I’ve just isolated it here and you can see the bottom part of the aponeurosis forming this ligament, which runs from the anterosuperior iliac spine here down to the pubic tubercle. That’s important to remember.
Just going back to the internal oblique (and you now know which direction the fibers pass), the internal oblique muscle originates on the iliac crest and also on the lateral part of the inguinal ligament. And it inserts on the lower ribs. You can see these ribs, 10-12 (or bottom four ribs, 9-12) and it also inserts in the midline in the linea alba. It joins the other aponeurosis as you know. And it also inserts in the pubic crest here.
The aponeurosis isn’t shown here, but you know that it extends into the midline and joins the linea alba.
Similar to the external oblique, when both of the internal oblique muscles contract, it flexes the trunk. It brings the truck like this. And if one side, one muscle contracts, it laterally flexes the trunk. It brings the trunk to the same side.
The last muscle we’ve got is the transversus abdominis muscle. If I just remove the internal oblique, we’ve got this muscle that sits underneath it. It’s called the transversus abdominis muscle because the fibers are oriented transversely, so horizontally like this.

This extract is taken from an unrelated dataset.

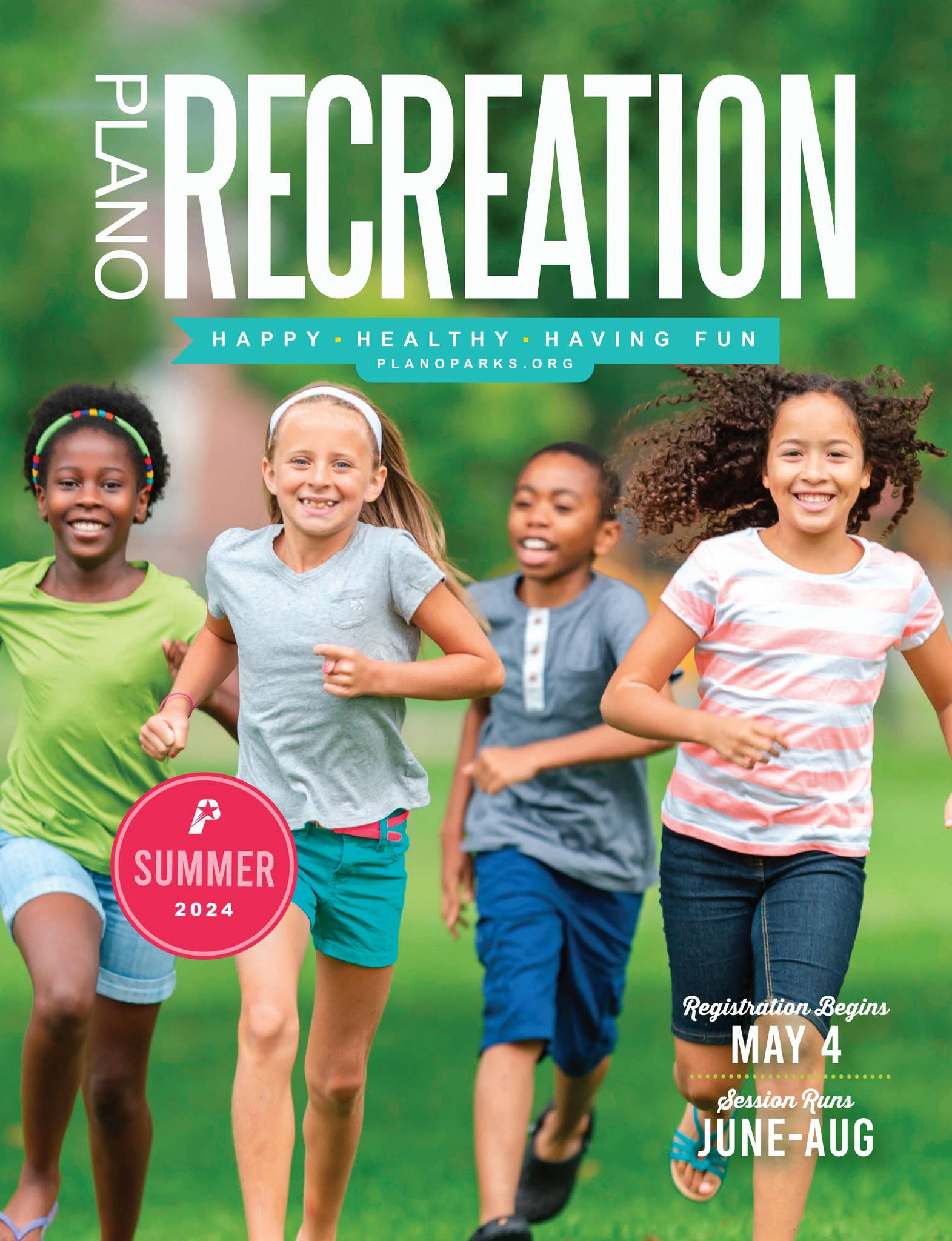 Plano Parks and Recreation Summer 2024 Catalog by Plano Parks and ...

Let’s just take a look at the origin. It originates on the iliac crest (so you can see that here) and also on the lateral parts of the inguinal ligament. And also, you can see the origin at the top on the costal cartilages. And then again, it inserts on the linea alba and inferiorly, it inserts on the pubic crest.
You can see its attachments here. Iliac crest. The inguinal ligament is gone, but it attaches on the lateral part of the inguinal ligament over here. It attaches on the costal margin and it attaches in the midline at the linea alba and also inferiorly at the pubic crest.

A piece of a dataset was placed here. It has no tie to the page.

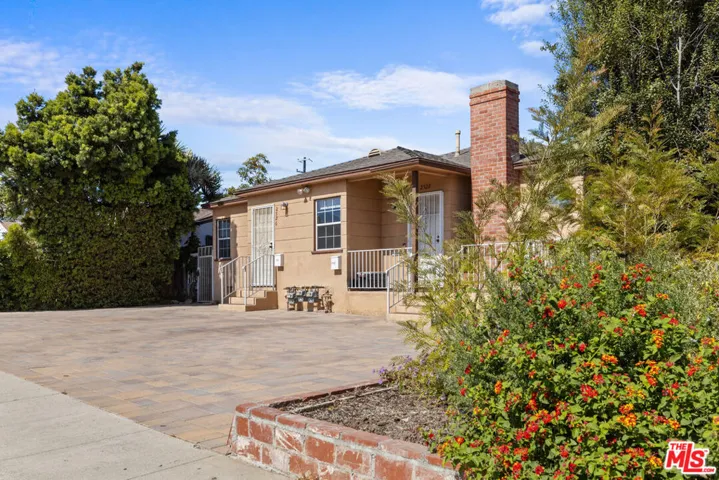 2526 Military Avenue, Los Angeles, California 90064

Those are the muscles of the anterior abdominal wall. It’s pretty easy. You’ve just got five to remember. You’ve got two which sit anteriorly. You’ve got the large rectus abdominis and you’ve got the tiny little pyramidalis. And then you’ve got the three lateral muscles (the external and internal oblique muscles and the transversus abdominis muscle).
- rectus abdominis
- external oblique
- internal oblique
- transversus abdominis
- pubic symphyis/tubercle/crest
- anterior superior iliac spine (ASIS)
- iliac crest
- linea alba
- linea semilunaris
- tendinous intersections
- rectus sheath
- inguinal ligament
“Hands in pockets. Hands on tits.”
When your hands are in your pockets, your forearms point downwards and inwards. “Pockets” has an “e”, therefore the External oblique has it’s fibres oriented downwards and inwards (inferomedially).
When your hands are on your tits (if you have them), your forearms point upwards and inwards. “Tits” has an “i”, therefore the Internal oblique has it’s fibres oriented upwards and inwards (superomedially).
Now for a few questions…
1. Name all five muscles (without looking at the list above!)
2. Which spinal nerve innervates the pyramidalis muscle?
3. True of false: The rectus sheath wraps around both surfaces of the rectus abdominis along it’s entire length.
4. True of false: The fibres of the external abdominal oblique are oriented inferomedially.
5. True of false: The transversus abdominis lies between the external oblique and the internal oblique.